Perhaps most prominently encountered in on-line banking “apps”, AI is used to engage with customers to try and respond to client queries. It seems unlikely that many would argue that “talking” to the AI interface is even close to realistic human engagement, but by and large it does seem to get the job done. The advantage is mostly to the banks, who save money since they don’t have to employ staff. The suggestion will be that there is a service-level improvement because there is no wait to engage with an AI “bot”. In the health sector the suggestion is that similar AI tools can be engaged in mental health apps, to “engage” with patients and take appropriate action in the event that there is an indication of an imminent mental health crisis. This would be the complete substitution of an AI interface in place of human interaction. Another suggested use is the monitoring of telephone calls by AI, listening for key trigger-words/phrases that might be missed by the human participants, with appropriate escalation.
Duty of care
This hypothetical scenario (particularly in terms of AI interface apps) is different than the previous examples because of the more extensive removal of the AI from human oversight, and perhaps also because it seems to distance a group of vulnerable patients from that which it might be said they need most – human interaction. Accordingly, on an emotional level it seems an area that might require an alternative approach to determining liability. However, objectively it is perhaps not so complicated where the service is provided by the Trust directly: it is really the delegation (or perhaps substitution is a better word) of a function previously undertaken by a healthcare professional. As this article has stressed on several occasions, this could not result in a lower standard of care (which would presumably trigger corporate level liability), so it remains sensible to apply a Bolam based assessment: i.e. whether the outcome of the AI interaction was outside the reasonable range of outcomes that would be associated with a responsible body of human practitioners.
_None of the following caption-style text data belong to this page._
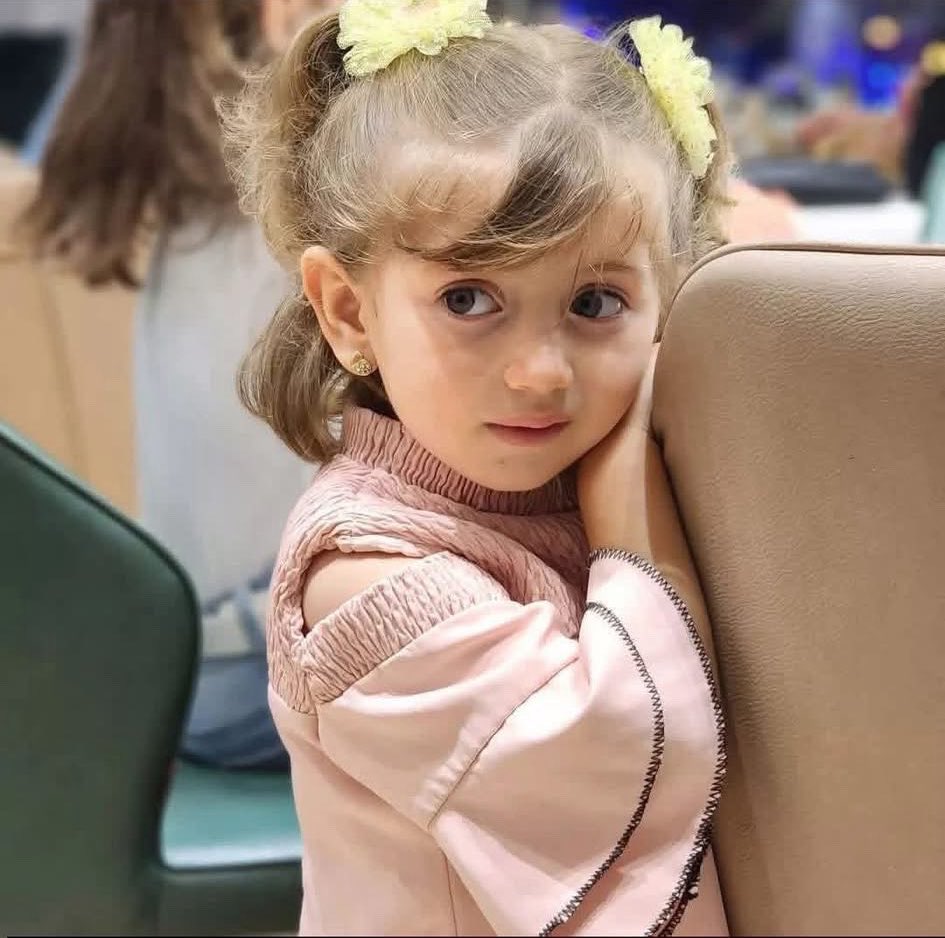 Israel bomb kills girl in Gaza tent classroom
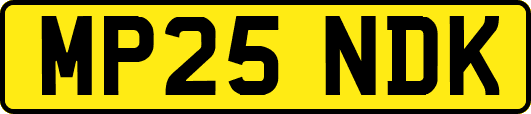 MP25NDK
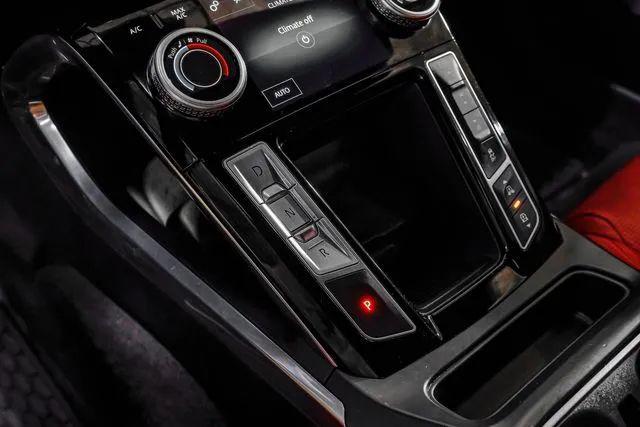 2020 Jaguar I-PACE S EV400 AWD Automatic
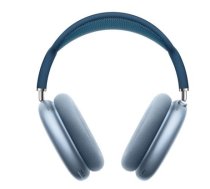 Słuchawki AirPods Max - Błękit (MGYL3ZM/A)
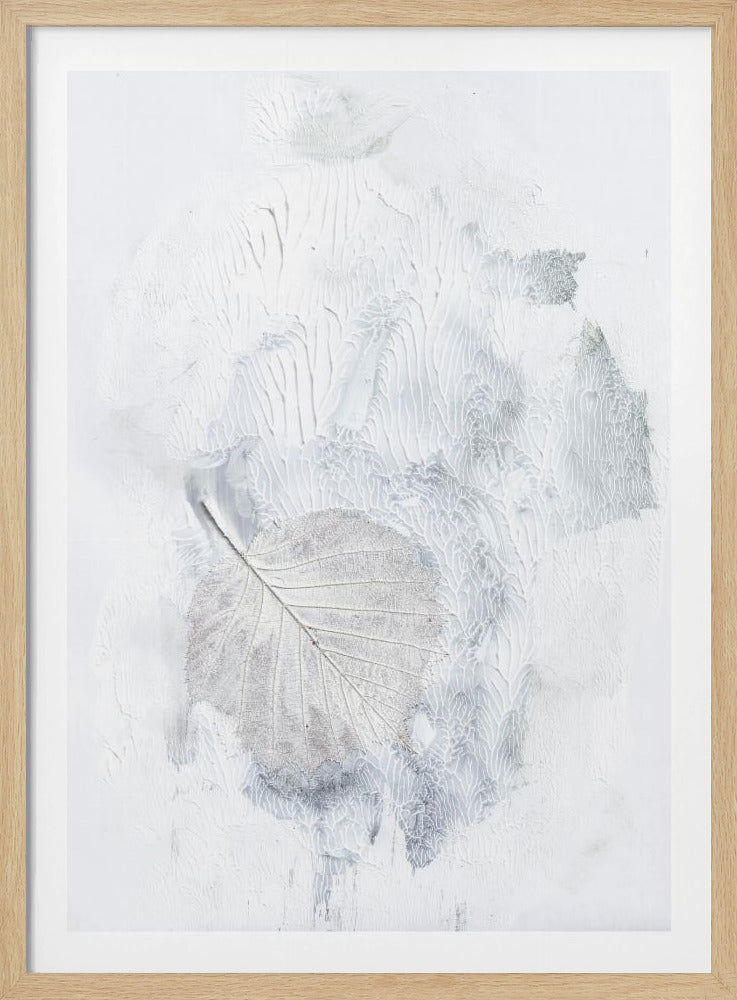 Minimal nature | Poster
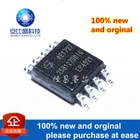 Новинка 100%, оригинальный Шелковый экран GD25B127DSIG 25B127DSIG 25B127 127 Мбит SOP8, 10 шт.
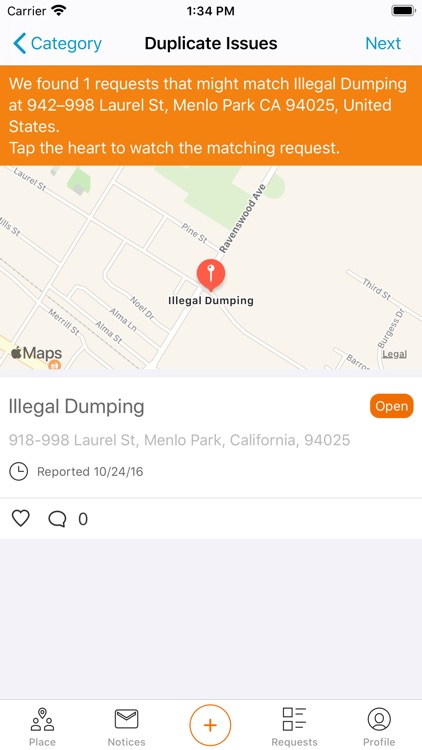 ACT Menlo Park screenshot-4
It may be that such applications will be developed and operated by third party providers (in a similar way to out-ofhours phone-lines). This is not the same as the entirely straightforward non-delegable duty of care situation discussed previously, where the patient attends a hospital for an investigation and has no control over, or indeed knowledge of, the fact that the imaging is reported by a third-party provider. Any final analysis would depend upon precise details, but it is likely any app would be Trust branded and most likely non-delegable duty arguments would be engaged.
It can reasonably be anticipated that a significant risk area for claims will be around the alert interaction / escalation between AI systems and their human counterparts. Considerable care will be required to ensure that where risks of harm are identified support is provided in a timely fashion, perhaps no differently than the situation now. However, systemic failings and the engagement of Article 2 rights is a concern.